I need to understand something about kerning groups. I think I understand the basic concept of it, but what is best practice to put in the same kerning group? As I understand it I would put all A with diacritics in the A group.
Now comes the part where I get confused: let’s take e for example. With my logic I would put all e with diacritics into the e group. But some people would put it in the o group because of shape similarity. Another example: D, is it in the left H, right O group and all D with diacritcs too?
So the question really is, do you make kerning groups based on same exact letters (with diacritics for instance) or loosely based on the same shape? Or is the standard alphabet put in groups of same shapes and diacritic letter glyphs in the same groups as their parent letter?
I’m working on a font with 800+ glyphs right now and could really use some input on how to handle this elegantly as I find myself mixing up these two concepts all the time.
That depends on your design. If o and e are similar enough, you can put them in the same group, why not. BTW the names of the groups are completely arbitrary, you can also call it
lowercaseRound or something, it’s just that
o is quicker to type.
Did you read the kerning tutorial?
Mekka, I read the kerning tutorial and I used the set kerning groups script.
What confuses me for example is the fact that k is set as h on the left kerning group and k on the right kerning group while h uses h as lkg and n as rkg. Then it gets even more confusing when I see that hdotbelow also is defined like h with h as lkg and n as rkg. Why is that so?
To me it would make sense if h would use h as lkg and rkg and hdotbelow would use h as lkg and rkg.
There is probably something I do not grasp about the kerning group concept.
Here you lost me completely. How can they be arbitrary? Don’t they reference to that particular glyph?
The more I learn the less I know… so frustrating.
Perhaps this will help: the kerning groups are referencing the shape of the respective sides of the key glyph, not the actual letter. That’s why there are different group references for the sides of glyphs such as the /k and the /h; their left sides are the same while their right sides differ in shape.
To simplify, let’s just look at the left side of some glyphs.
Left side of /h /b /k /l are the same:
so I give them all /h as lkg value
Left side of /h /b /k /l are still the same:
so I could also set the lkg of /b to /h and /k to /b and /l to /h for example
So both these methods would yield the exact same result, am I right or am I wrong?
Yes, you are right. You are also right that you could use Method B, but I would use Method A. Adding another key glyph (kerning group) to do the same job as another just complicates it.
A caution: as regards Method B, I’m not sure if having a nested kerning group as you describe it would cause problems or not. That’s a question to ask Mekkablue or Georg.
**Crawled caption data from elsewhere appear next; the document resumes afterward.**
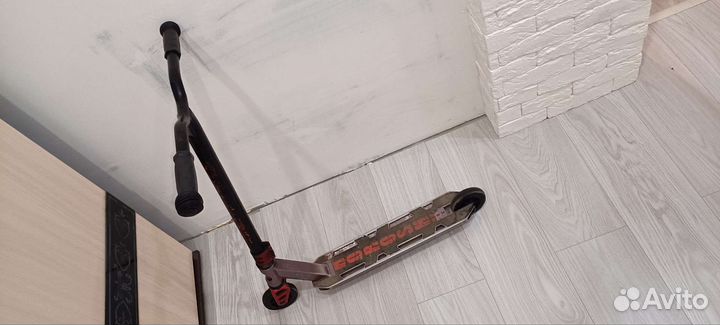 Самокат трюковой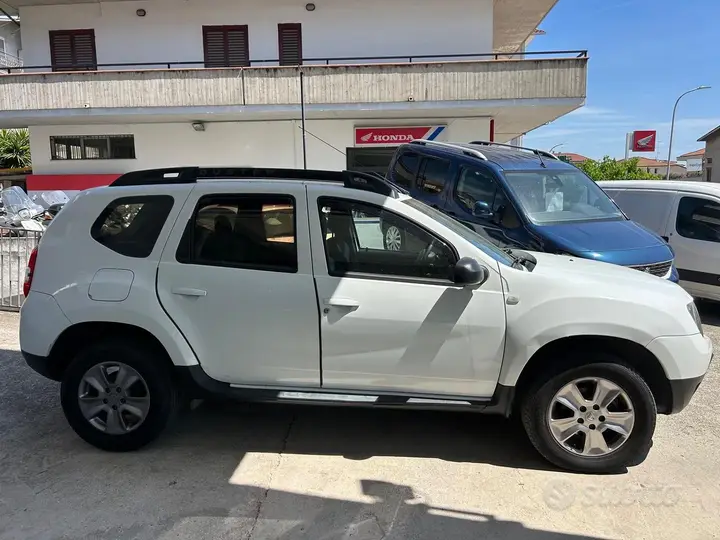 Dacia Duster 2016 photo 3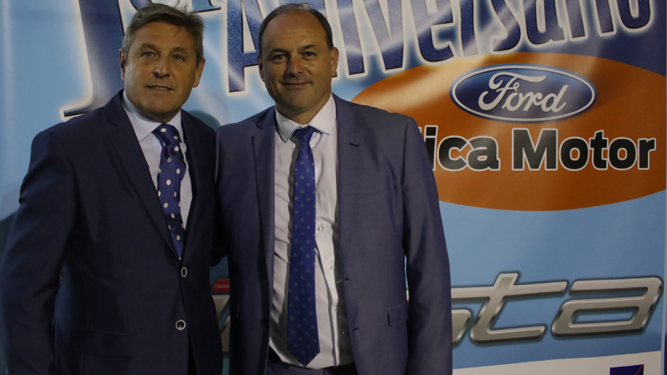 Jorge García Faciaben, director gerente de Mica Motor junto Esteban Milena, propietario.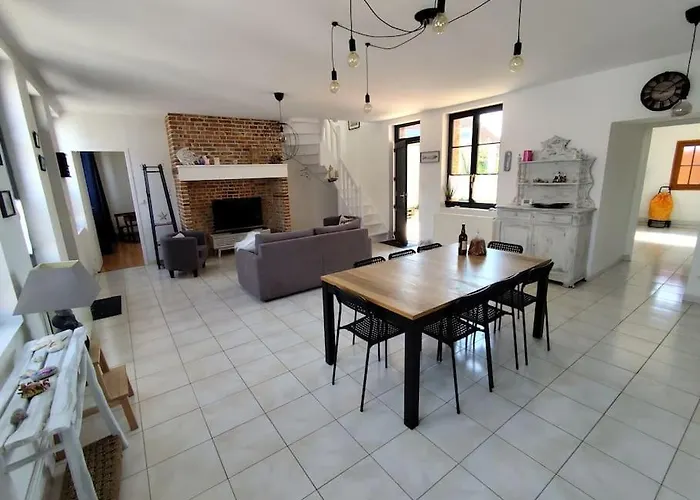 La Muche Valéricaine, Coeur De Ville, Jardin Hébergement de vacances *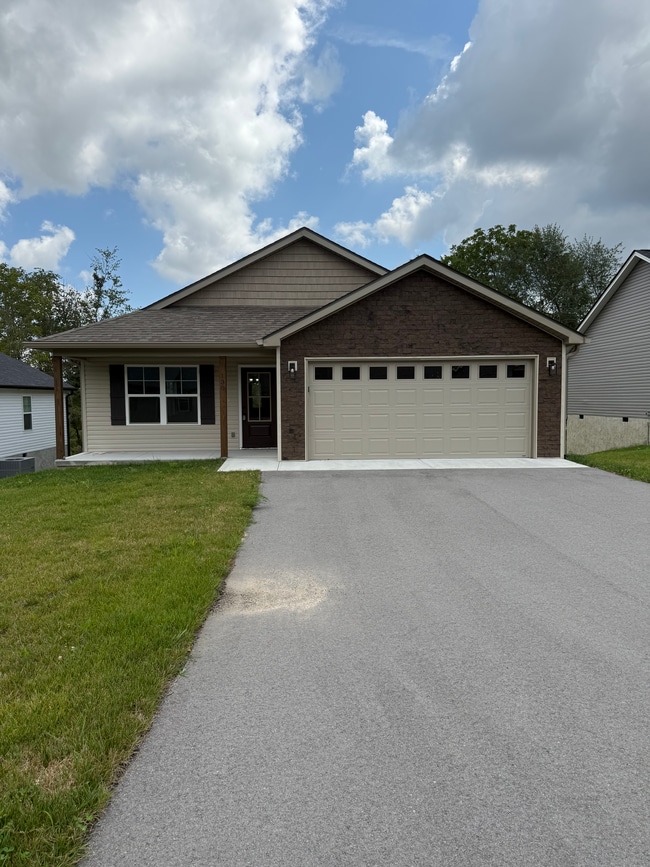 Building Photo - 138 Sky View Meadow Dr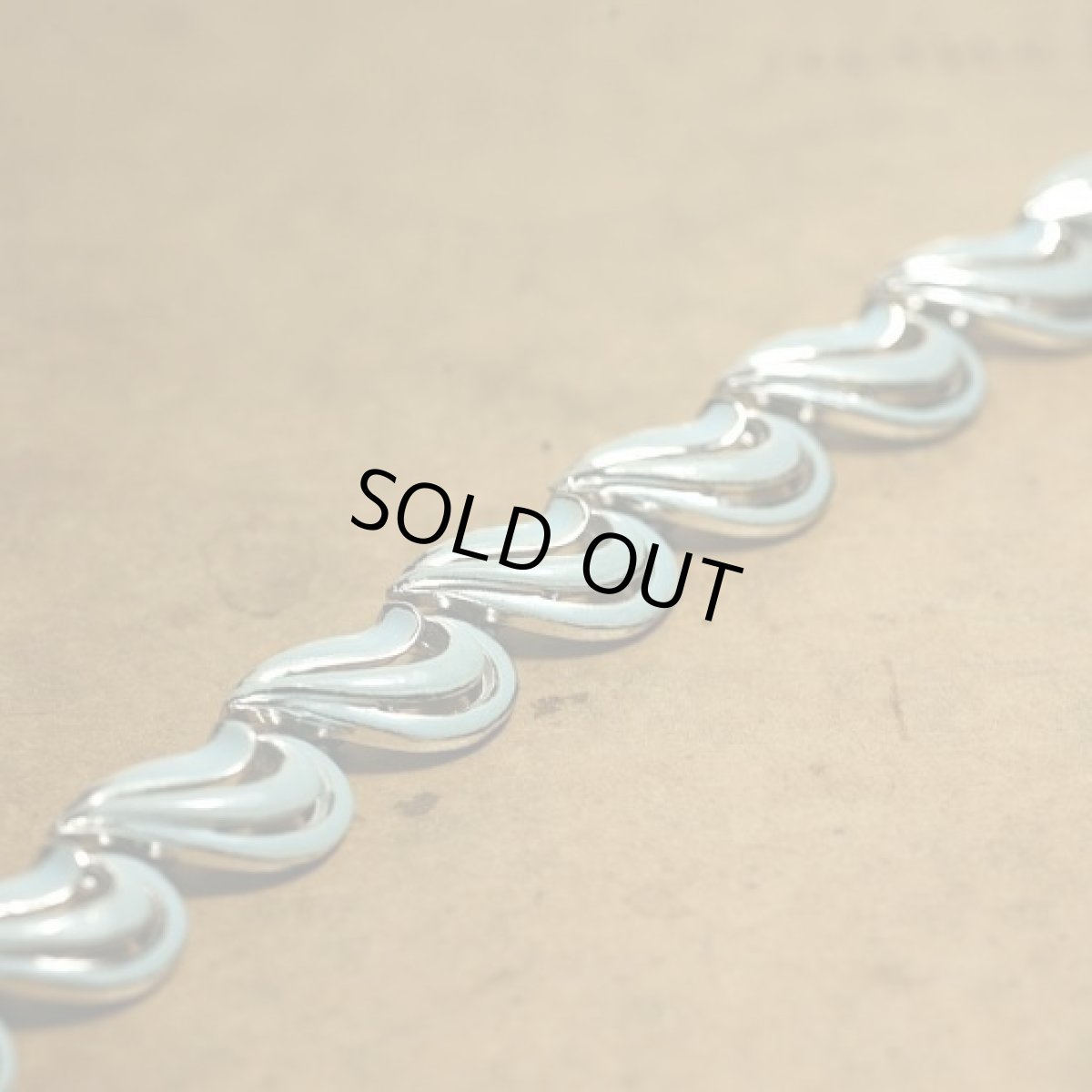 画像6: 〈イギリス〉1950年代 爽やかな水色の エナメル チョーカーネックレス (6)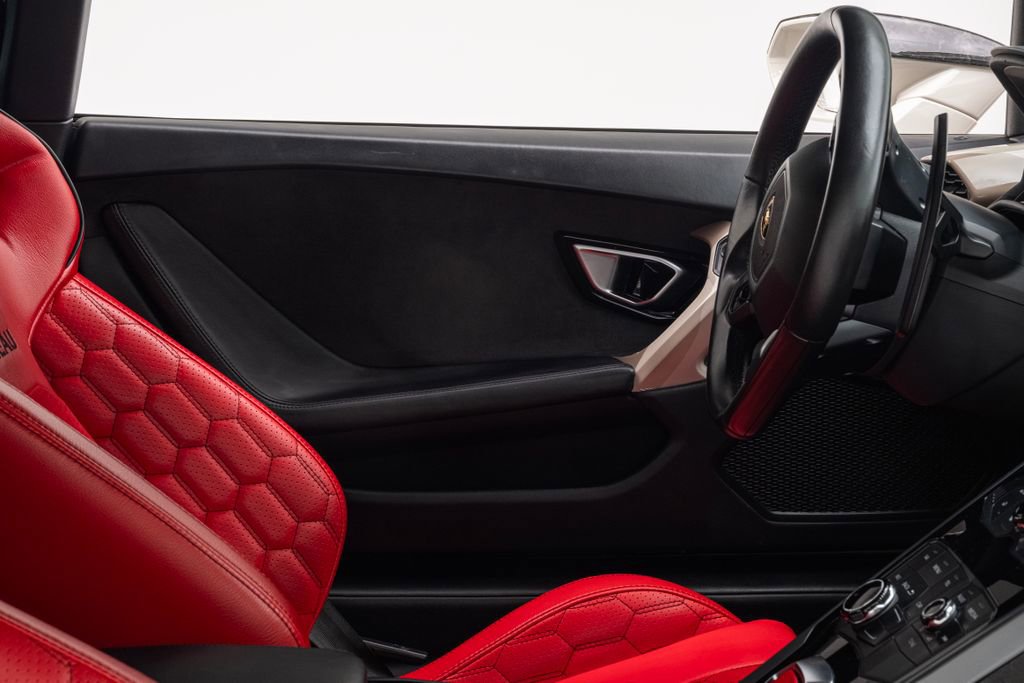 Used 2015 Lamborghini Huracan LP 610-4 image 30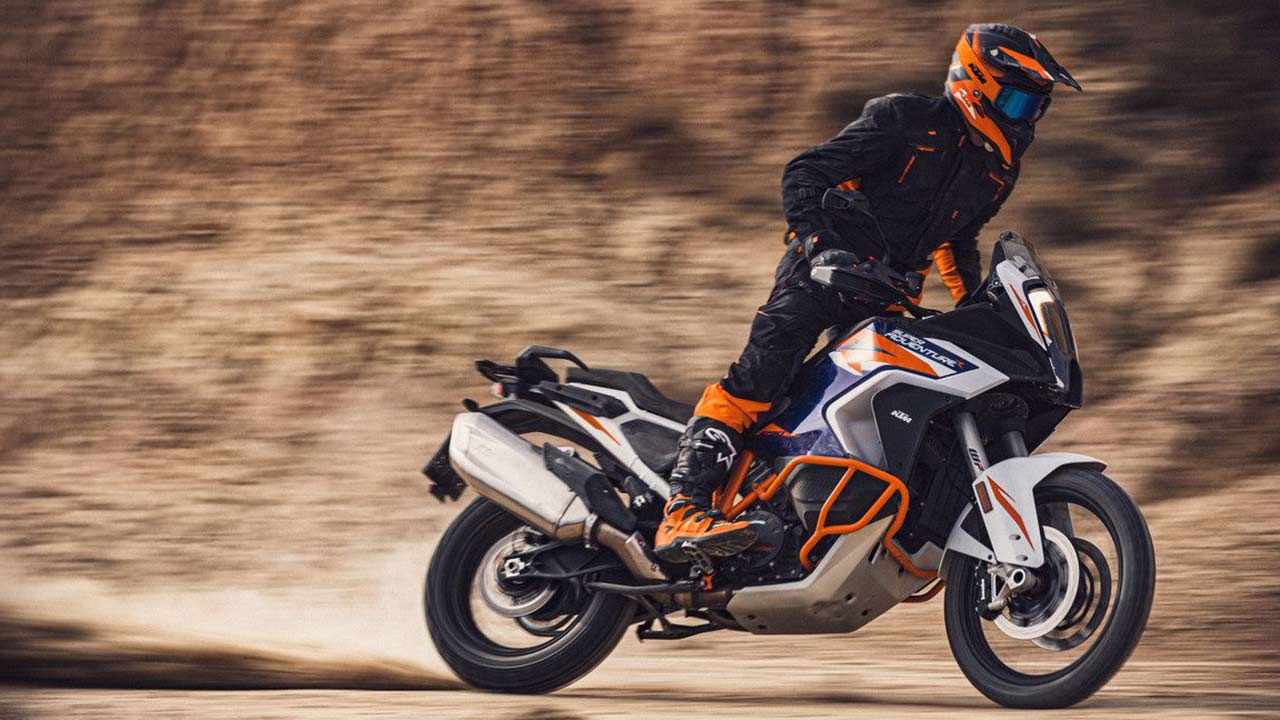 KTM hat seine Reiseenduro-Flaggschiffe – im Bild die 1290 Super Adventure R – frisch gemacht für die neue Euro-5-Saison. 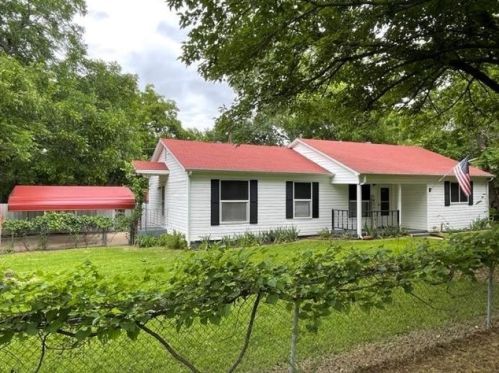 1929 Washington St, Denison, TX 75020-1611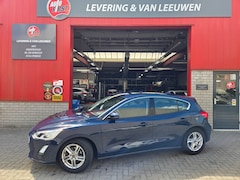 Ford Focus - 1.0 EcoBoost Trend Edition Business/ Navigatie/ LM Velgen/ Parkeersensoren V+A/ Rijklaarpr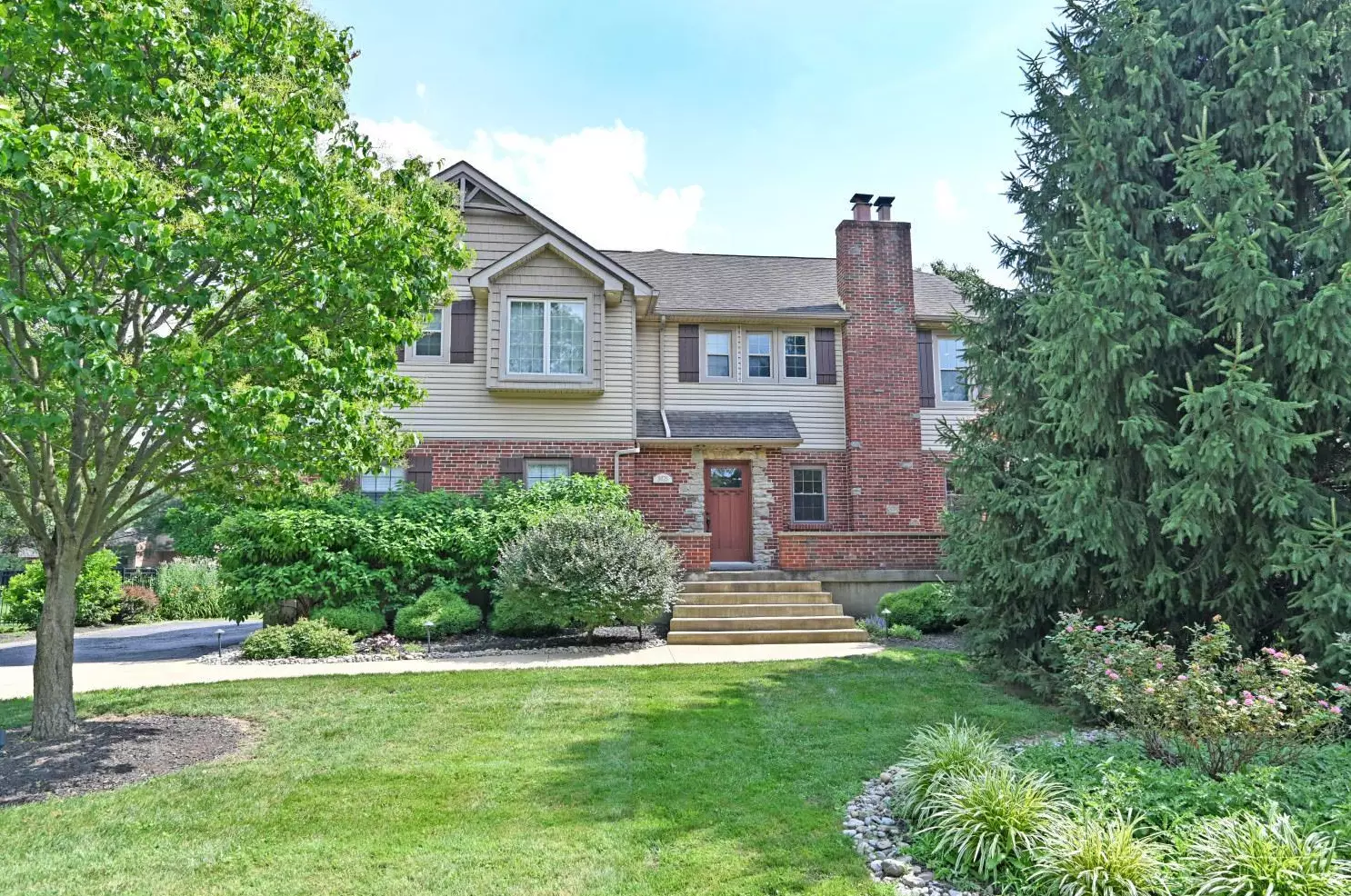 Aldine Dr, Blue Ash, OH 45242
What exactly confuses you? It makes sense to have h and k in the same left group, because both look the same on the left. And of course h, hdotbelow and n share the same right group, because they look the same on the right side.
No. The group names are just arbitrary names and do not reference anything. What counts is not the name of the group, but which glyphs share the same group.
no. Method B is wrong. As Rainer explained that are not references to a glyph (as in the metrics keys and in another font editor) but names of the classes. And thous nested kerning groups are not possible.
Thank you all for your help!
I got it just before falling asleep last night. I really had the concept wrong thinking it would reference to a particular glyph. [quote=“mekkablue, post:2, topic:3863”]
BTW the names of the groups are completely arbitrary
[/quote] When Mekkablue said that, it didn’t ring a bell but confused me even more. Now I finally see the whole picture and everything you guys said makes sense. Even the locks make sense now. Hurray!
This is exactly it … as in the metrics keys. My brain just assumed that because in the metrics keys you can type in a specific glyph as the sidebearing somehow the kerning groups would behave the same.
Instead of naming a group ‘All the letters that have a tall straight left side’ I can just call them /h for the sake of simplicity. So it is up to me to choose the same name for similar sides of glyphs and by giving them the same name automatically puts them in the same kerning group. And yes, in this case it makes absolutely no sense to put /b in a /h named group and /k in a /b named group as I imagined in my ‘Method B’, it would only create more unnecessary groups, they are all better off in the same group named /h for example.
So again, a conceptual misunderstanding of my part.
Thank you all again for your help and patience to my noob question.
Perhaps we can update the kerning tutorial accordingly. This often confuses people, especially when they do it for the first time.